La coopération internationale
C’est ce qu’on appelle la coopération soit transfrontalière soit la coopération inter collectivités. La loi définit pour dire : « Les collectivités ont la possibilité sur un certain nombre de question, de coopérer soit avec les communes maliennes soit avec des communes étrangères. Et la loi dit aussi, les collectivités, peuvent bénéficier de subvention venant des partenaires internationaux. Mais tout ça c’est sous le contrôle de l’Etat, a dit Dr. Sy Ousmane.
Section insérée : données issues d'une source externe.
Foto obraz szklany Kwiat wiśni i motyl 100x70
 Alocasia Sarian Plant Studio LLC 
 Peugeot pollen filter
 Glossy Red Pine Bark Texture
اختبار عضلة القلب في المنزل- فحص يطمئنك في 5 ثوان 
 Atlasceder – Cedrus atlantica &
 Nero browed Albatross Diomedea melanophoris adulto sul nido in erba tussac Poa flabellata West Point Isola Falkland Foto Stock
Plus loin il confie que : « Dans l’organisation de l’Etat, il y a des domaines qui sont, ce qu’on appelle les domaines de souveraineté, domaines régaliens de l’Etat, qui ne peuvent pas faire objet de décentralisation, nulle part au monde : La défense du territoire ; (chaque collectivité ne peut pas avoir son armée), la Diplomatie (chaque collectivité ne peut pas avoir sa coopération internationale); la monnaie (chaque collectivité ne peut pas avoir sa propre monnaie et aussi la justice. Ceci ne peut faire objet d’une discussion même de transfert. Donc il n’est pas question qu’une collectivité malienne aille faire un accord avec le gouvernement français mais une collectivité malienne peut faire un accord avec une collectivité française sous la supervision des deux Etats. Mais elle ne peut pas aller faire un accord avec le gouvernement français, américain ou chinois ».